ACTIVITY
Both the line with "Per Samsung Galaxy" and the line with "1910 RPPC Woodmere" in the records below must appear in the output, along with every line between them, exactly and with nothing added.

Brief descriptive captions
※ ※ ※

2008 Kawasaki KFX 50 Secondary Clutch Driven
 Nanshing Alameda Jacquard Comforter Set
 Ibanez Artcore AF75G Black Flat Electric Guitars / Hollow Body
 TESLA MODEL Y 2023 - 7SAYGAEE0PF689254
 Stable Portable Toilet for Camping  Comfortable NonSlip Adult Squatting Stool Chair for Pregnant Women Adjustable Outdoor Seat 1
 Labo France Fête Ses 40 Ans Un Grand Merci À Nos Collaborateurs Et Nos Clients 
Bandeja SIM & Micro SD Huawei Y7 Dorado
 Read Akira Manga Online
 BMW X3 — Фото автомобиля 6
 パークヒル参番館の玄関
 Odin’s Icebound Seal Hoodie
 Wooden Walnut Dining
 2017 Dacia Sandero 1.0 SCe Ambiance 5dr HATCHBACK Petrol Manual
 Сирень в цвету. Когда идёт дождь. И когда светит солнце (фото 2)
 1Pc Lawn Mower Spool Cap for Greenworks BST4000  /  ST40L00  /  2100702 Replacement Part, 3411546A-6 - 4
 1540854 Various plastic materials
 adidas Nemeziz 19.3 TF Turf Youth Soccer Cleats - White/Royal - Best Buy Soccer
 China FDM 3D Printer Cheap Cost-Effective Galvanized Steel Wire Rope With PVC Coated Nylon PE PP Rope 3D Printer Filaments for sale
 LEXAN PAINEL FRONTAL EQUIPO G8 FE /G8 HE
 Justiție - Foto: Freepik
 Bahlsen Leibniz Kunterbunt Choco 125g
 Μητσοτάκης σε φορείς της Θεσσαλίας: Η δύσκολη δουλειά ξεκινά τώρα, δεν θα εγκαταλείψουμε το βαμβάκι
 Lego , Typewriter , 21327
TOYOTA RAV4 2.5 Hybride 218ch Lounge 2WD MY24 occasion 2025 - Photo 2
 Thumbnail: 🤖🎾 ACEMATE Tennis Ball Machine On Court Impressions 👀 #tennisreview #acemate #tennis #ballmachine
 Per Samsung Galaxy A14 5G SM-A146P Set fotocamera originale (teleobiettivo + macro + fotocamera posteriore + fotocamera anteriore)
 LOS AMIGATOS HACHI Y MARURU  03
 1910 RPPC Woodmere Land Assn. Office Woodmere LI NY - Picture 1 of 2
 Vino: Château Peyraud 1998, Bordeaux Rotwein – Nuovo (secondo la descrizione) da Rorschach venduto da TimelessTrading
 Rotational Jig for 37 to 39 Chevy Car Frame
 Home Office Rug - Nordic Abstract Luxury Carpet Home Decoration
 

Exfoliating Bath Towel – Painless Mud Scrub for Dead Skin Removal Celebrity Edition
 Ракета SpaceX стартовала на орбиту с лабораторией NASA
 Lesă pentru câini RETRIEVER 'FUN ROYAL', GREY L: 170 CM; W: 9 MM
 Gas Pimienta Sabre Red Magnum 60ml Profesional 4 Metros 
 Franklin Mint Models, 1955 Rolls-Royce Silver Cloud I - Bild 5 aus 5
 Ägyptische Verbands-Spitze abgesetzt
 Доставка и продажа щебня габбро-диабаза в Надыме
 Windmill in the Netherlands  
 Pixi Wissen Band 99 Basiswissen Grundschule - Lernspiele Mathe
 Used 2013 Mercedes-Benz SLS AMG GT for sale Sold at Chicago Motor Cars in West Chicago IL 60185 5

※ ※ ※

YOUR RESPONSE
 Per Samsung Galaxy A14 5G SM-A146P Set fotocamera originale (teleobiettivo + macro + fotocamera posteriore + fotocamera anteriore)
 LOS AMIGATOS HACHI Y MARURU  03
 1910 RPPC Woodmere Land Assn. Office Woodmere LI NY - Picture 1 of 2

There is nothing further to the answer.